Au risque de répéter ce que nous écrivions à propos de Bass Drum of Death, on peut légitimement se poser la question de l’importance d’un nouvel album des Psychotic Monks, quand on sait que leur incandescence scénique est purement et simplement impossible à reproduire en studio et à traduire en disque.
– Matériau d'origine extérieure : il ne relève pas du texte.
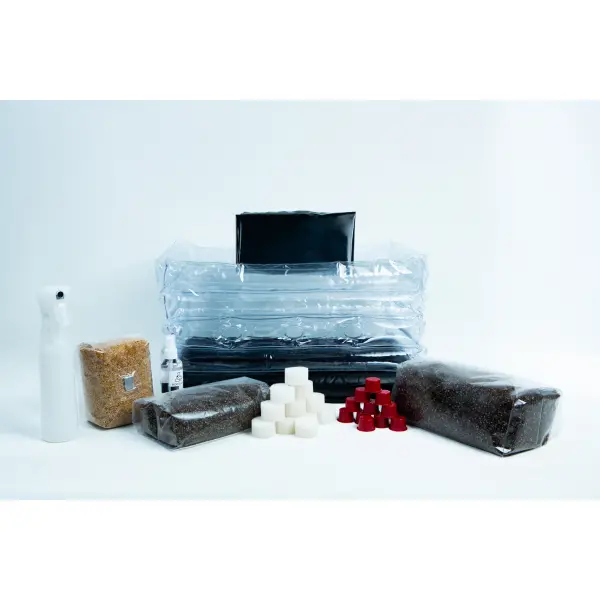 Millet Monotub Mushroom Growing Kit with casing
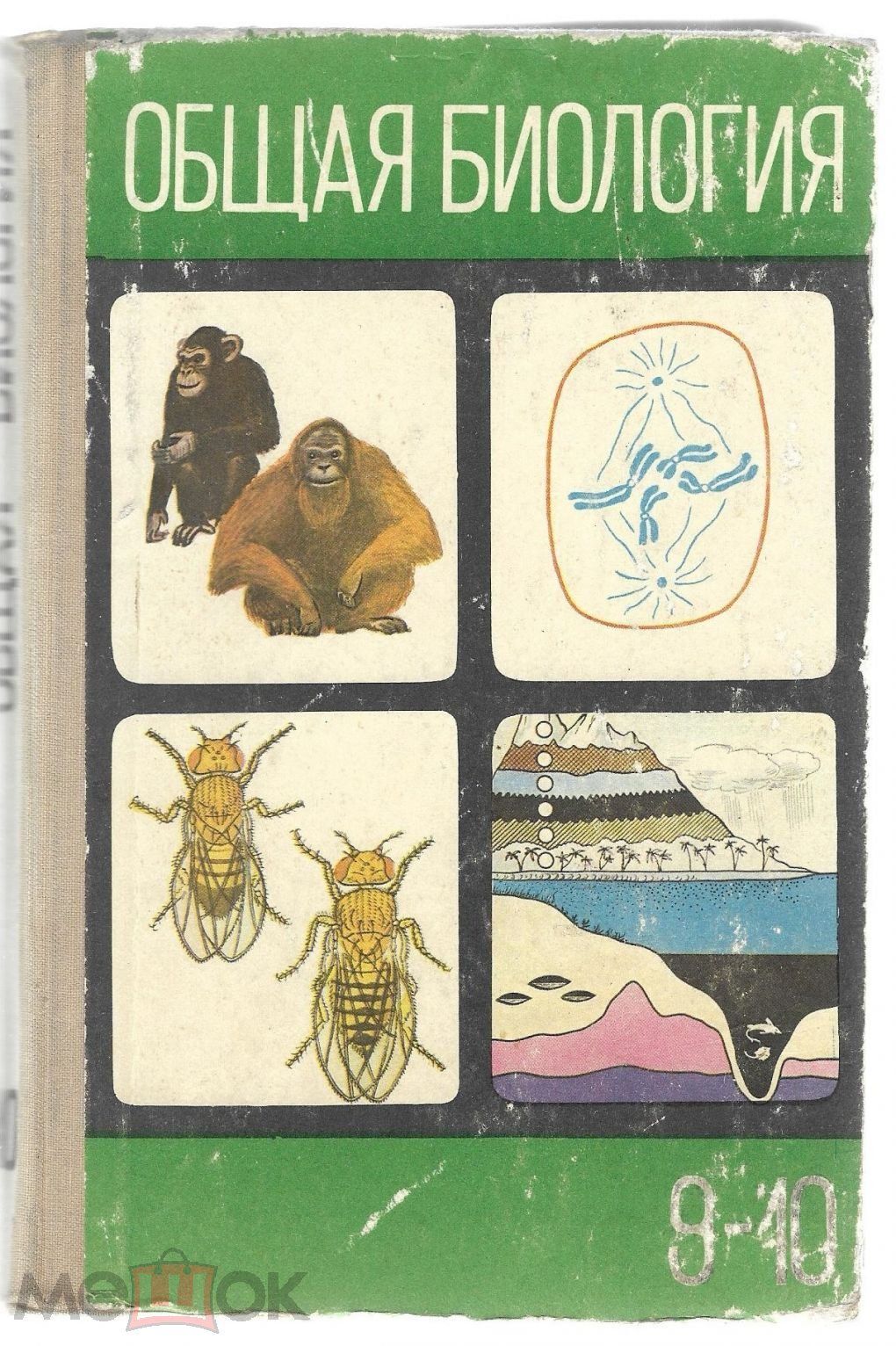 общая биология полянский браун 9-10 класс. общая биология 10 класс полянский. биология учебники ссср 10-11. ю. , верзилин н.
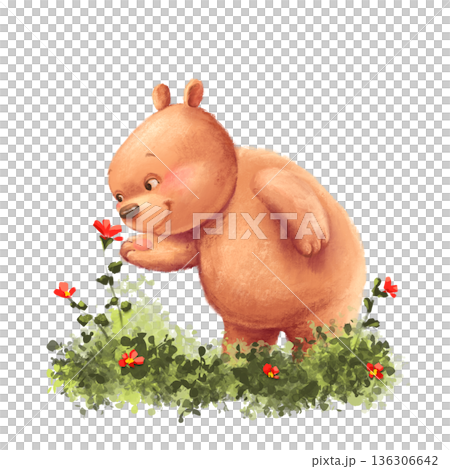 Hand drawn illustration of a sweet brown teddy bear smelling red spring flowers on a green meadow. Funny animal character for nursery decor, baby shower, birthday cards and stationery design. Hand drawn illustration of a sweet brown teddy bear smelling red spring flowers on a green meadow. Funny animal character for nursery decor, baby shower, birthday cards and stationery design. 136306642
Mais il y a une grosse différence entre un Barrett qui perpétue dans sa musique une tradition Rock bien établie et les Français, qui, sans doute conscients de cette différence fondamentale entre enregistrer de la musique et la jouer en public, choisissent la voie d’une expérimentation de plus en plus audacieuse, voire intransigeante.

Car si leur second disque, Private Meaning First était austère et radical, occasionnellement déroutant, que peut-on dire de cet impressionnant Pink Colour Surgery, qui voit The Psychotic Monks larguer franchement toutes les amarres par rapport aux codes de la musique, telle qu’elle est communément admise ? Pour ce groupe, quasiment à l’opposé de la majorité des gens de leur génération qui sont régulièrement obsédés par les trouvailles des musiciens du passé, et, dans le meilleur de cas, s’en servent comme tremplin pour aller chercher d’autres choses et faire évoluer le Rock (à qui ceux qui n’y connaissent pas grand-chose reprochent d’être une musique du passé…), il s’agit avant tout d’EXPERIENCE. Rappelons aux nostalgiques – et nous savons qu’ils sont nombreux – que HendrixZappaBeefheart, pour ne citer qu’eux, ont construit des œuvres immortelles, et d’une certaine façon populaires, sur l’expérimentation, ou plutôt sur l’expérience physique de l’auditeur face à la musique. Le problème est évidemment qu’en 2023, face à la digitalisation et à la virtualité croissante, l’expérience se doit d’être autant mentale que physique, théorique que pratique. Et c’est là où le travail du groupe sur ce Pink Colour Surgery rejoint aussi les grandes œuvres abstraites de la musique contemporaine, tout en conservant, et c’est là l’exploit du groupe, un aspect viscéral, une intensité qui viennent directement de « la sensibilité Rock ».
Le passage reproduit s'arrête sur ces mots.